Publié le 15 septembre 2017

ENVIRONNEMENT

Le CETA, jugé climato-incompatible, entrera bien en vigueur

"Entre le climat et le CETA, Emmanuel Macron choisit le CETA". Voilà comment les associations, dont Maxime Combes d'Attac, réagissent à la décision du gouvernement de ne pas retarder l'entrée en vigueur du traité de libre-échange UE-Canada. Une décision d'autant plus critiquée que la commission d'experts indépendants mise en place par Emmanuel Macron pour évaluer l'impact environnemental du CETA a sévèrement jugé l'accord.

CETA manifestation Macron
Mobilisation citoyenne contre le CETA en janvier dernier
Caroline Peyronel et Charlotte Rivière.

Il était temps de trancher. À seulement une semaine de l’entrée en vigueur provisoire du traité de libre-échange Union européenne-Canada, le gouvernement français est sorti du silence pour annoncer qu’il n’y aurait pas de report du CETA (Comprehensive economic trade agreement). Une question de respect du vote du Conseil et du Parlement européen, a justifié Jean-Baptiste Lemoyne, secrétaire d'État aux Affaires étrangères. Le CETA entrera donc en vigueur, comme prévu, le 21 septembre prochain.

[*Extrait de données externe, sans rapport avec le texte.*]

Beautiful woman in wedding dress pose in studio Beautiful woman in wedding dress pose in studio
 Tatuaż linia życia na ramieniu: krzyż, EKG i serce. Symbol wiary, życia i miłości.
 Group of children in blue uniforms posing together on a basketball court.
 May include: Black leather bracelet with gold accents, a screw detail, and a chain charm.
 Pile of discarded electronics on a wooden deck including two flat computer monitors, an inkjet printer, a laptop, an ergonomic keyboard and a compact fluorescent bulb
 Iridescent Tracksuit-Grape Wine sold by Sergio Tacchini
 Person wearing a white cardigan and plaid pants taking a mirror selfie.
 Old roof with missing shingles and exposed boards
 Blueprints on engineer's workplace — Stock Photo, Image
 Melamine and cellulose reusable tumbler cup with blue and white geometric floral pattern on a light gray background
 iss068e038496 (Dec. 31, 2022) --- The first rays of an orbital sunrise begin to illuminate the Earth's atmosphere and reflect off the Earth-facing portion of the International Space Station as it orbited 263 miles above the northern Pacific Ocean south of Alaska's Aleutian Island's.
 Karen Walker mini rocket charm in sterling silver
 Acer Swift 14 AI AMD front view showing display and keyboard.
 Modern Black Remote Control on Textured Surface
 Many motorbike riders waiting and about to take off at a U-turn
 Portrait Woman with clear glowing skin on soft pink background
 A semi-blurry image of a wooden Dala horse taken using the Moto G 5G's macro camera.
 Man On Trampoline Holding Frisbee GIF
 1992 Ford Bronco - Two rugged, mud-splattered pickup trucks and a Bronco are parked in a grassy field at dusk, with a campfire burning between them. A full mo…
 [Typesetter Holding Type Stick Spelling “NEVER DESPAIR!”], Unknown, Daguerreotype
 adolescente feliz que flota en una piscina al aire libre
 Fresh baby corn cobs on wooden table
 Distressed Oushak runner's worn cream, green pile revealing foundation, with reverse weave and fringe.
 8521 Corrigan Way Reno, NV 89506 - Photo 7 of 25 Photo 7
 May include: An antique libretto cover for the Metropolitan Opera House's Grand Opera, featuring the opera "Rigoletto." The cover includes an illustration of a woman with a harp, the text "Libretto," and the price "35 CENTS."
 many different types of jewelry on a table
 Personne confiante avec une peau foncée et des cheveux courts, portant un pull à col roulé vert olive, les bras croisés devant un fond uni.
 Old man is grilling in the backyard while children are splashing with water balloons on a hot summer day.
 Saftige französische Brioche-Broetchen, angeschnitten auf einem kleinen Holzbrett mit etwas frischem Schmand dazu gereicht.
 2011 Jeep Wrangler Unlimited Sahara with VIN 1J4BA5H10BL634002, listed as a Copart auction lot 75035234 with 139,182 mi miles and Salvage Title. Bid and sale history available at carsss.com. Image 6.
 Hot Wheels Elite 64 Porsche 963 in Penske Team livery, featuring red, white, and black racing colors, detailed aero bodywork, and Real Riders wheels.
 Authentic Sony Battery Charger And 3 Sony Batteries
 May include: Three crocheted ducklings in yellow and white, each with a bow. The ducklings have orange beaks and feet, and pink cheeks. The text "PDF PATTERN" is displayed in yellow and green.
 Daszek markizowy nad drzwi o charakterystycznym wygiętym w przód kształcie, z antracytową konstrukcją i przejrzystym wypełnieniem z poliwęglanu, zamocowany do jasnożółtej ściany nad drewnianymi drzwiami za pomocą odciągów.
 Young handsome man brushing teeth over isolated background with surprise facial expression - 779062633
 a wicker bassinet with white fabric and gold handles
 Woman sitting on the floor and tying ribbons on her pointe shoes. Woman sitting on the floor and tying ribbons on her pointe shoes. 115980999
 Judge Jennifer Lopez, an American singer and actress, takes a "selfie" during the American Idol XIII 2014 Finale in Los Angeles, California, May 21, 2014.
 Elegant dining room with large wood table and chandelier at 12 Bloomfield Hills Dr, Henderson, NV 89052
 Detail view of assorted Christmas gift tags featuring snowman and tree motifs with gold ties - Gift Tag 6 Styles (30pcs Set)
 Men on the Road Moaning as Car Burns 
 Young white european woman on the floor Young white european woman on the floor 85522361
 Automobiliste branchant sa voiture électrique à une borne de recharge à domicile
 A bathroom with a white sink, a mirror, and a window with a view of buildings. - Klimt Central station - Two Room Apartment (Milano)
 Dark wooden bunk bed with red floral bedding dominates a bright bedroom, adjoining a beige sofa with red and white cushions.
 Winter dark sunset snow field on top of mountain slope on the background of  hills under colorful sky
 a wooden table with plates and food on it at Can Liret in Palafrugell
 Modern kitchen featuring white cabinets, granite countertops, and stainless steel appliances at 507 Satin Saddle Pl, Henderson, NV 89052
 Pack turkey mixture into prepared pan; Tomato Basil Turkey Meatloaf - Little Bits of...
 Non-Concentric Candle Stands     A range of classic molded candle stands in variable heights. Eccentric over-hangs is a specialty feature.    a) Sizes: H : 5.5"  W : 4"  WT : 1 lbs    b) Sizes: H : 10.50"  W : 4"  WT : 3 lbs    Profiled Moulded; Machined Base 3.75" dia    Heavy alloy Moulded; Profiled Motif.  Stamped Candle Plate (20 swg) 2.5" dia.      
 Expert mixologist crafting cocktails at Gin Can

Pour la Commission d’experts, "le grand absent de l’accord est le climat"

En février dernier, les eurodéputés avaient ratifié cet accord malgré les critiques des ONG et de plusieurs experts estimant que le CETA abaissait les standards européens environnementaux. Pendant la campagne présidentielle, le candidat Emmanuel Macron avait annoncé qu’il nommerait un comité d’experts indépendants chargés d’évaluer l’impact environnemental de l’accord avant de prendre une décision sur le sujet. La Commission de 9 experts a rendu son avis le 8 septembre dernier, et son constat est sans appel : "le grand absent de l’accord est le climat".

La Commission pointe plusieurs lacunes, "rien n’est prévu pour limiter le commerce des énergies fossiles et la hausse des émissions de CO2 du transport international maritime et aérien", "rien n’est prévu pour inciter à la mise au point et l’adoption de technologiques moins émettrices de carbone", "rien sur la convergence des instruments de lutte contre le changement climatique". D’autant que l’accord ne contient "aucun engagement contraignant" concernant l’environnement.

"Le gouvernement sacrifie l’environnement sur l’autel du libéralisme"

Ces conclusions "font l’unanimité", a estimé Brune Poirson, secrétaire d’État auprès du ministère de la transition écologique et solidaire, Nicolas Hulot. "Elles sont un bon socle pour les discussions à venir", juge-t-elle. De fait, le gouvernement veut "prendre son temps" et annonce trancher définitivement sur le sujet à la fin octobre.

Ainsi, pour contrebalancer les effets néfastes de l’accord sur le climat, le gouvernement assure vouloir pousser Bruxelles à une réforme d’une directive européenne sur la qualité des carburants. Une initiative minime pour l'ONG Foodwatch pour qui "le gouvernement sacrifie l’environnement sur l’autel du libéralisme". "Cette position du gouvernement trahit ainsi la promesse de campagne d’Emmanuel Macron d’aller renégocier le CETA en cas de risques avérés par cette commission", ajoute l’Institut Veblen et la FNH, Fondation pour la nature et l’Homme, ex-fondation Nicolas Hulot.

Car, rappelons-le, la fondation de l’actuel ministre de la Transition écologique et solidaire était en première ligne, lors des débats sur le CETA, pour fustiger un accord "incompatible avec l’Accord de Paris". "Cet accord commercial dit de 'nouvelle génération' entraînera une hausse des investissements européens dans le pétrole issu des sables bitumineux, 1,5 fois plus émetteurs de gaz à effet de serre que les pétroles conventionnels", notait la fondation.

Un dernier rempart parlementaire

Reste maintenant aux parlementaires de trancher. Leur vote constituera le dernier rempart à une application pleine et entière du CETA. L’avant-dernière barrière étant tombée quand le 22 février, le Conseil constitutionnel, saisi par une soixantaine de députés, avait jugé l’accord compatible avec la constitution française.

La décision fait quand même un heureux : le MEDEF. L'organisation patronale se réjouit de l'entrée en vigueur de cet accord de libre-échange "le plus ambitieux et moderne au monde". Selon le syndicat, c'est l'occasion de "saisir de nouvelles opportunités", notamment en matière d'emplois.